*** Records shown ***
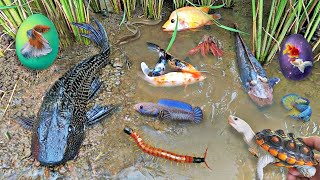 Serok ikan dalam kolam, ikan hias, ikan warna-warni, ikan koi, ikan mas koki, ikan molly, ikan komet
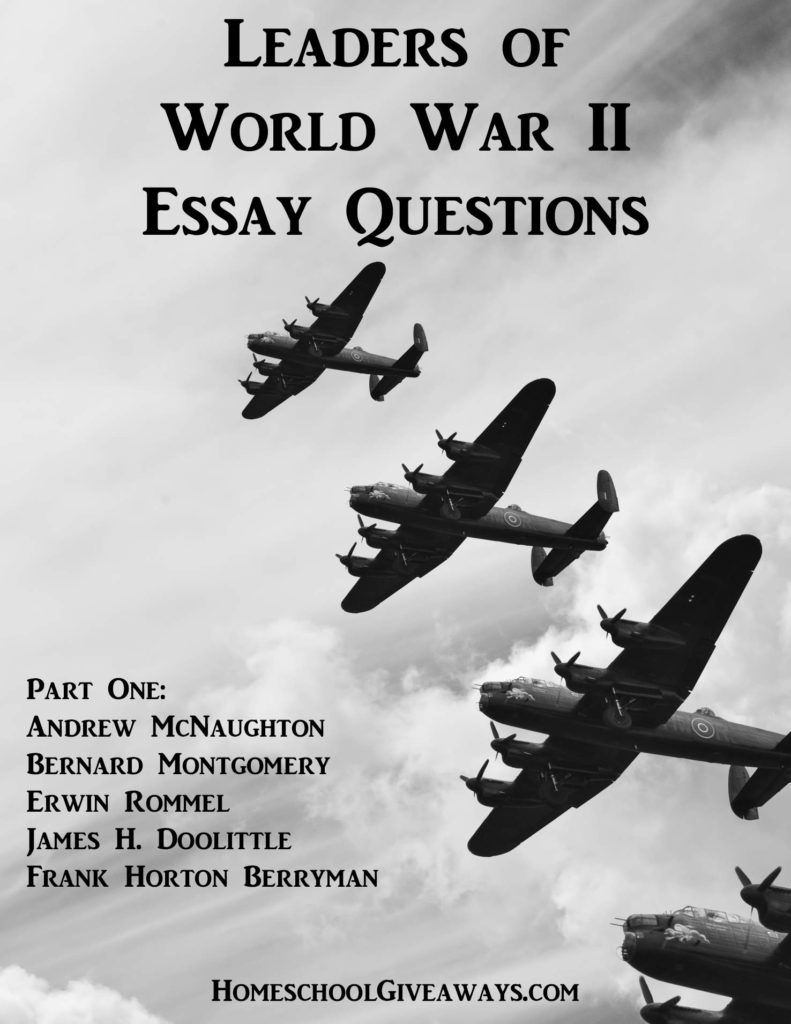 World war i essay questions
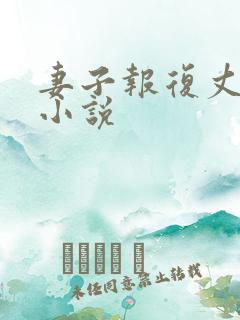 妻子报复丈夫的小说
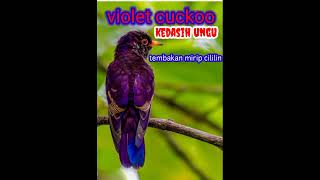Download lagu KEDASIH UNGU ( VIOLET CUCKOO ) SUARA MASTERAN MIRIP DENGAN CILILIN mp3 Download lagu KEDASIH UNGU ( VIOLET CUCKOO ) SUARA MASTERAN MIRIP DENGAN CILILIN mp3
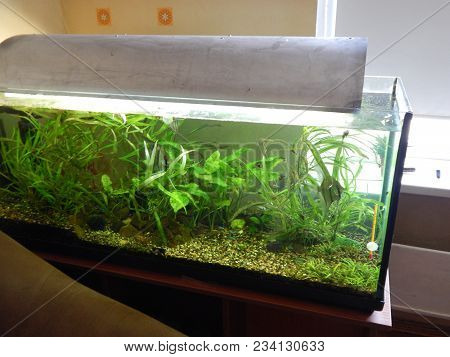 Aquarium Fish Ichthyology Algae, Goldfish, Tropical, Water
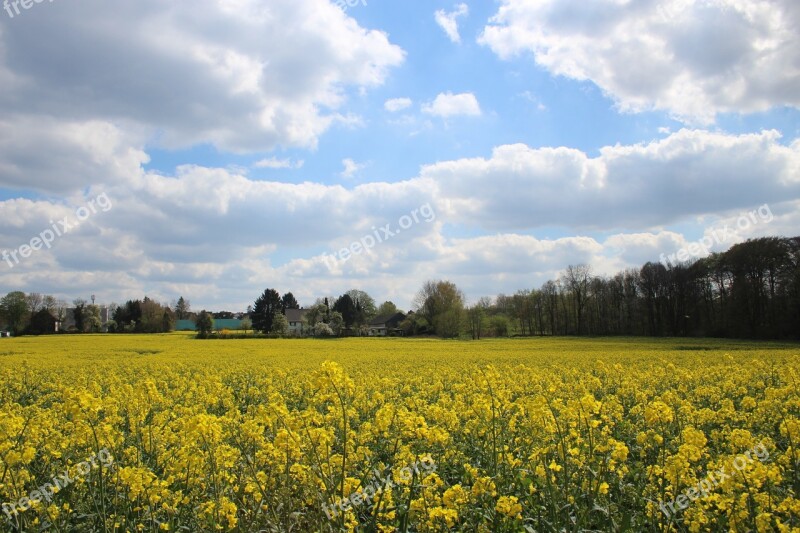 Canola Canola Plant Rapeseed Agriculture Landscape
*** End of Records shown ***
Work item: Give every record back exactly as it reads, with no images.

Answer to the problem:
 Serok ikan dalam kolam, ikan hias, ikan warna-warni, ikan koi, ikan mas koki, ikan molly, ikan komet
 World war i essay questions
 妻子报复丈夫的小说
Download lagu KEDASIH UNGU ( VIOLET CUCKOO ) SUARA MASTERAN MIRIP DENGAN CILILIN mp3 Download lagu KEDASIH UNGU ( VIOLET CUCKOO ) SUARA MASTERAN MIRIP DENGAN CILILIN mp3
 Aquarium Fish Ichthyology Algae, Goldfish, Tropical, Water
 Canola Canola Plant Rapeseed Agriculture Landscape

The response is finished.